I know we've had this 'discussion' on this board before but this concerns bass in particular.

What do you think?

The Case Against Catch & Release

Bob


----------



## misfit (Apr 5, 2004)

i think it's spot on.i've been trying for years to get some of those points across to the people who insist that c&r is "the way".those who belittle others for keeping a few fish for the table,and try to beat their own misguided beliefs into people's heads.we've seen a lot of that on this site,which has had a negative impact on how/what people on both sides post.
hopefully people will take a close look at the last part of that article("what can i do?")and learn to rethink things a little.maybe it won't change everyone's approach to fishing,but at least change their approach/thoughts towards others who are not of the same mindset.
a few parts of the article sum it up pretty well.


> "We need to tell people that eating bass is not a sin,"

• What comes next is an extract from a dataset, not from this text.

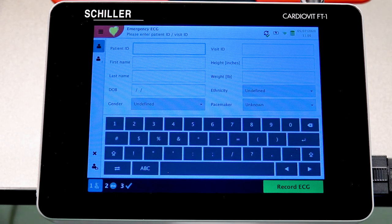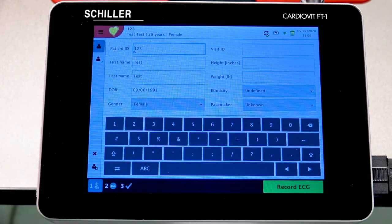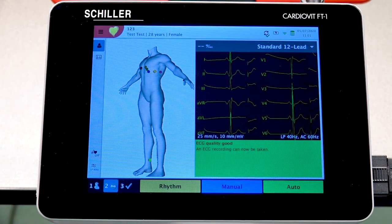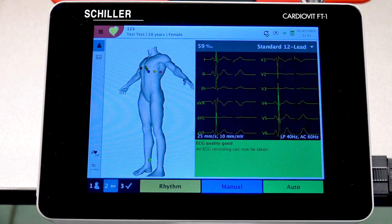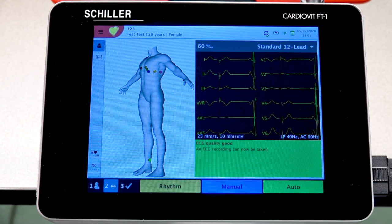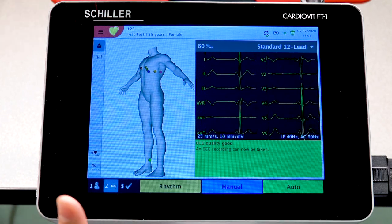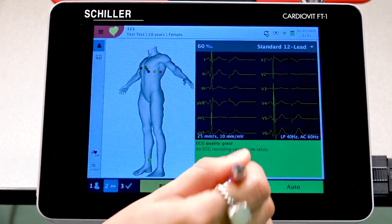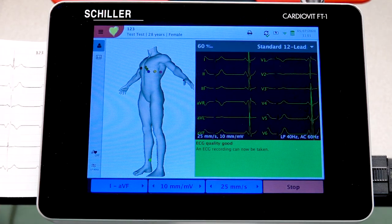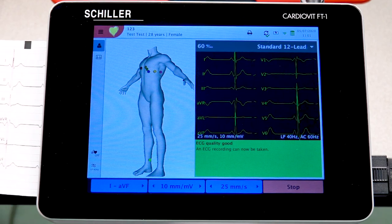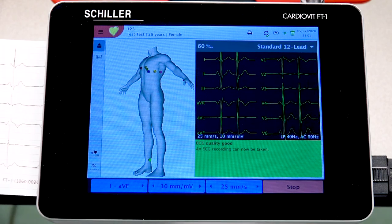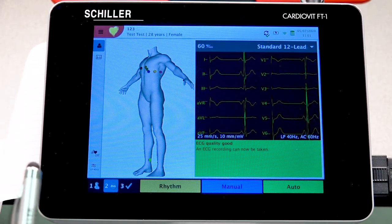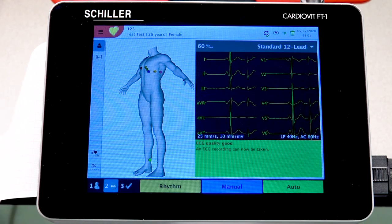Once again, we'll use the previous patient recall and move forward with Record ECG. We've already demonstrated auto and rhythm, so now we'll show manual. With manual, the unit automatically starts printing out what it currently sees in real time. To stop the printing, you must select Stop. If you do not press Stop, the unit will continue printing the ECG waveform indefinitely until you manually stop it.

> "By keeping fish under the slot, you're improving the quality of fish in the lake," he says. "However, if you get a mountable fish, that is a personal choice whether you keep it or get a replica mount so it can be caught another day. Either way, you're not crossing any moral or legal lines."

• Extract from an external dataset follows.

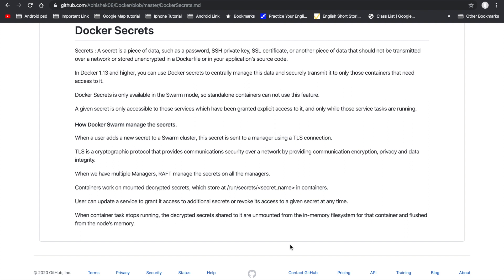Once you create the secrets and provide them to a service, the default location of the secrets inside the container is /run/secrets/<secret_name>. When the service is stopped, killed, or removed, the secrets present in the containers are also removed.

> Keeping a few fish should never have become as demonized as it is today. It is a necessary part of our sport. Teaching new anglers to keep a fish or two within the legal limit will go a long way toward preserving the quality of our fisheries. As Gene Gilliland puts it, "We need more catch and grease."


----------



## RareVos (Jul 29, 2007)

As always, it really depends on the fishery. Some of the people who are so seriously agitated by the folks who have raised c&r issues here just can't make the distinction.


----------



## misfit (Apr 5, 2004)

exactly,rarevos.i trust the dnr more than a bunch of people who for the most part,base their opinions/beliefs on personal feelings instead of facts.which is why it's so unsettling to hear people push it so much as a general approach to all waters,just because the subject is bass.but there are also those who push the same agenda for other species,which can be just as harmful.
ray scott created a monster 
i doubt he dreamed it would be carried to such extremes by so many people who just kinda missed the real message.


----------



## Buick Riviera (Jul 15, 2007)

Al Linder and In-Fisherman began promoting "Selective Harvest" years ago. It hasn't caught on with the bass guys.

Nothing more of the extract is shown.